Last Sunday’s voting in Iraq may have exceeded expectations in terms of turnout, but elections aren’t everything, as most of the essayists in this volume would tell you.
The Jan. 30 poll took place against the backdrop of George W. Bush inaugural call for the spread of freedom and liberty. All you need is democracy, is the president’s current maxim, it seems, in the way the Beatles’ was “All You Need Is Love.”
It’s never been that simple in the Middle East, however — or anywhere.
Take the most populous democratic nation in the world. India (never a favorite with the GOP) was plagued by political violence at its edges through the 1980s and ’90s. Its disputed territory of Kashmir, once a tourist paradise, was plunged into a conflict that claimed 20,000 lives. India also became embroiled in the even bloodier ethnic war in Sri Lanka, which cost the life of former Prime Minister Rajiv Gandhi, assassinated by a Tamil Tiger suicide bomber during an election campaign.
Seven years earlier, his mother and predecessor, Indira Gandhi, was murdered by her bodyguards, extremists it turned out who supported a “Khalistan,” or independent Sikh Republic.
Sikhs made up just 10 percent of the population of the historic Punjab, but in the modern state of that name they were a clear majority. It’s just one simple example of how a strong identity marker, in this case religion, can form the basis for ethnicity, which in turn, if you draw borders the right way — or if “natural” boundaries intervene — can lead to claims for autonomy or full independence.
From within the group, various “moderates” and “extremists,” “democrats” and “constitutionalists,” as well as “militarists” and “militants” can emerge.
This volume grew out of a conference at University College Dublin in 2001 about the tensions between militarism and constitutionalism in Ireland on both sides of the nationality divide.
Obviously, the medium has certain limitations when dealing with the latest developments. A publisher’s note warns that Gen. John de Chastelain’s essay only takes the narrative up to the summer of 2003.
And given his particularly bitter exchanges with Sinn Fein TDs last week, Taoiseach Bertie Ahern might today write a less soft-focused introduction. Nonetheless, each of the 12 essays has a lot more to offer students of Irish history and politics than the usual daily commentary in the press.
One of the editors, John Coakley, notes in an essay that despite the upheaval and tragedies of the 19th Century, Ireland was one of the quietest places in Europe when it came to overtly political violence. In that great year of European revolution, 1848, only two people died in Ireland, while just a dozen were killed during the 1867 Fenian rising.

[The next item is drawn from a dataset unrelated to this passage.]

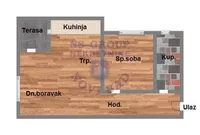 Bulevar Patrijarha Pavla (Somborski Bulevar), Telep, Gradske lokacije, Novi Sad | 4zida.rs | 4zida.rs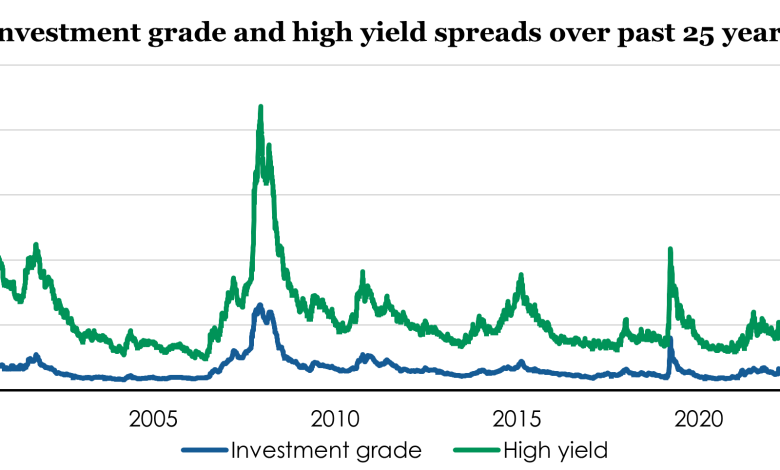More than meets the eye: Strong valuations do not mean low risk | Fixed income market commentary 4Q 2025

By the early 20th century, one commentator later wrote, Irish politics was “as respectable and constitutional as a cricket match.” And in 1915, the Irish nationalist leader at Westminster, John Redmond, referred to Sinn Fein as a “temporary cohesion of isolated cranks.”
What happened? Veteran UCD historians Ronan Fanning and Michael Laffan both point to constitutional and extra-constitutional resistance to Home Rule as a turning point.
Revolutionary nationalism became the predominant strand after 1916, but, as Laffan’s writes, some revolutionaries believed that “the mass of the population could not be let out on their own.”
The people, he adds wryly, did not “feel outraged at Britain’s reluctance to surrender unconditionally,” and embraced compromise. Civil war resulted.
The commentary looking at unionism explores how its elected representatives have often operated in a gray area between constitutional and extra-constitutional methods.
But Paul Dixon writes that the DUP, for instance, has involved itself in street politics as much to keep campaigns out of the hands of the paramilitaries, as to pressurize the government. It’s been argued, he says, that when Ian Paisley joined in 1986 with Ulster Resistance, a paramilitary-style outfit opposed to the Anglo-Irish Agreement, he “played a moderating role within the organization.”
Dixon adds: “The problem lies in trying to distinguish the shades of gray.” The taoiseach might agree.